Tout part d’un bon sentiment. En effet, réunir les maliens pour valider « les termes dse référence pour la transition » est la preuve d’une volonté de restituer au peuple son pouvoir souverain. Le CNSP a donc cru bon d’associer le peuple au processus de décision en cette période de crise sociopolitique.
Pourtant, le processus est biaisé car l’offre de changement est inadapté à la demande de changement. D’abord sur la sincérité de l’offre faite, la charte proposée en dit long. En effet, si le président de la transition doit être nommé par une commission mise en place par le CNSP, la concertation n’avait pas sa raison d’être. On peut aisément comprendre que les nouveaux hommes forts, par méfiance à l’égard des politiciens, veuillent diriger la transition en toute indépendance.
Nous en sommes là justement parce que les premiers ont failli et sont demeurés défaillants pendant trente (30) ans. Alors, sont-ils à même de présider une transition qui est le préalable à une quatrième République ? La question demeure posée. Mais quoi qu’il en soit, le CNSP, peut-être sous l’influence de l’ancien régime, reexprime sa méfiance à l’égard de ceux qui réclament le changement sans pour autant être de nouveaux acteurs de cette démocratie agonisante. La charte sur la transition en est la preuve.
Cette méfiance paraît d’autant plus justifiée par l’exigence du M5-RFP d’être reconnu, dans le préambule, comme acteur principal de ce sauvetage.

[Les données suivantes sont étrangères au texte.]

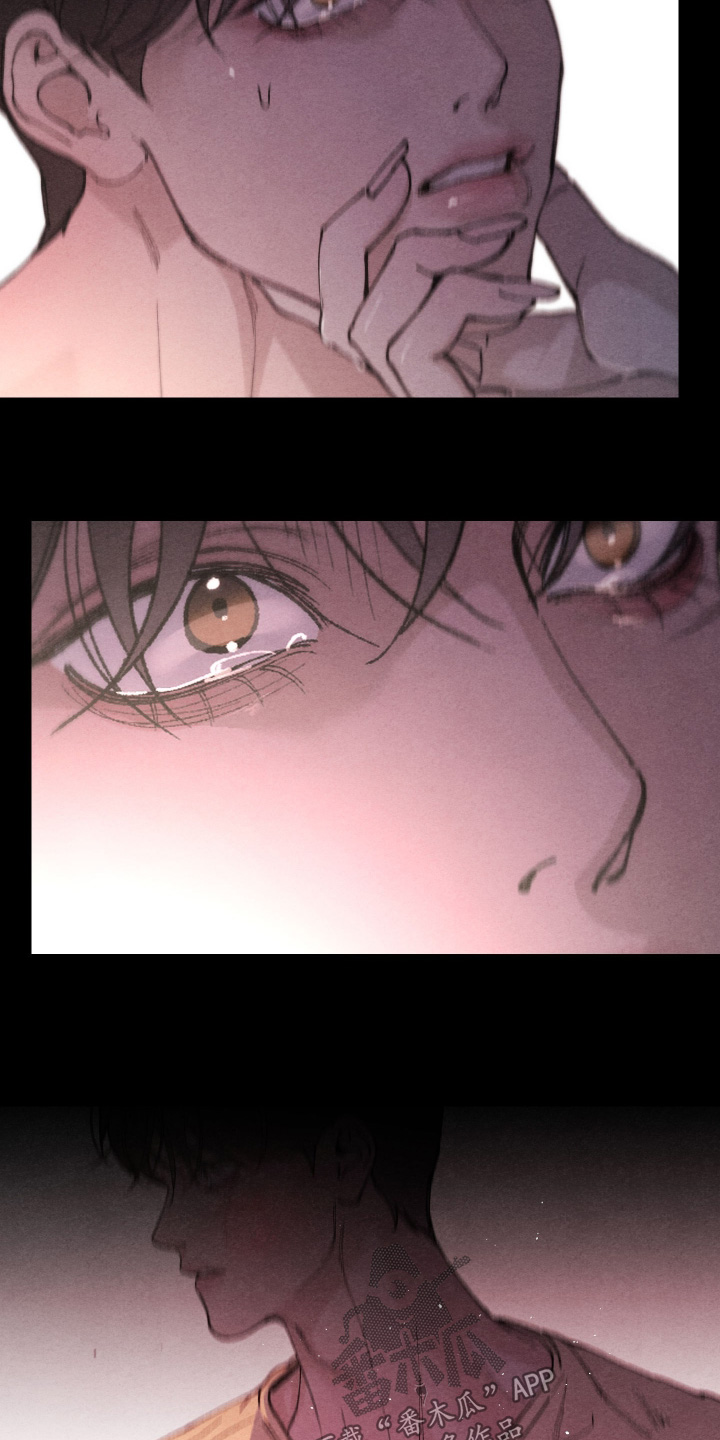 刀具硬度锋利度的关系漫画,第22章：这里是学校4图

Pourquoi ce mouvement éprouve-t-il le besoin d’être désigné nommément dans une lutte menée au nom du peuple tout entier ? Ce combat, qu’ils disaient mener au nom du peuple, n’était donc pas désintéressé ! L’AEEM a été en première ligne en 1991 mais ce n’est pas pour autant que son nom a été mentionné dans la Constitution de 92. Bien au contraire, c’est la lutte héroïque du peuple malien qui a été révélée au monde dans le préambule de la Constitution.

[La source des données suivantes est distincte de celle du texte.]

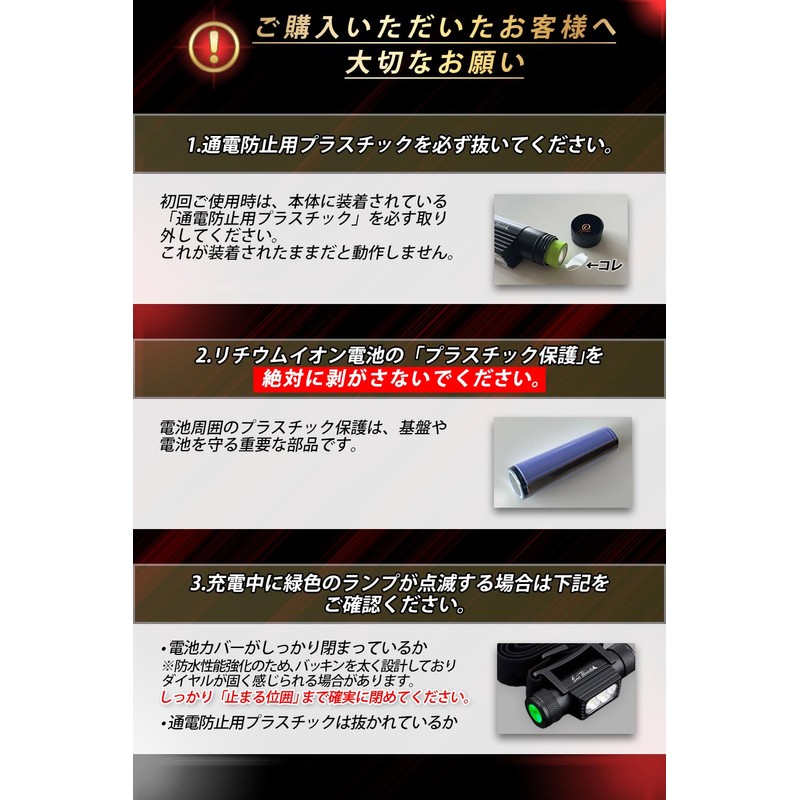 seabons headlight (spec2 high model)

Le fait que le CNSP n’ait pas choisi le M5-RFP comme partenaire privilégié pour l’organisation de la transition révèle une intention de ne pas se laisser influencer par les partis politiques. Cela dénote, en outre, une intention de jouer un rôle majeur dans la désignation des autorités de transition. Et cela se ressent à travers les vagues de nomination effectuées au sein de l’armée. Donc l’offre de changement du CNSP est affectée par une méfiance à l’égard du pouvoir civil, dont les agissements et les politiques incohérentes ont affligé l’armée et désorganisé la sécurité du pays. Cette méfiance conduit à privilégier le renforcement de la présence des militaires dans les instances de décision. C’est le désir inavoué des nouveaux hommes forts du pays.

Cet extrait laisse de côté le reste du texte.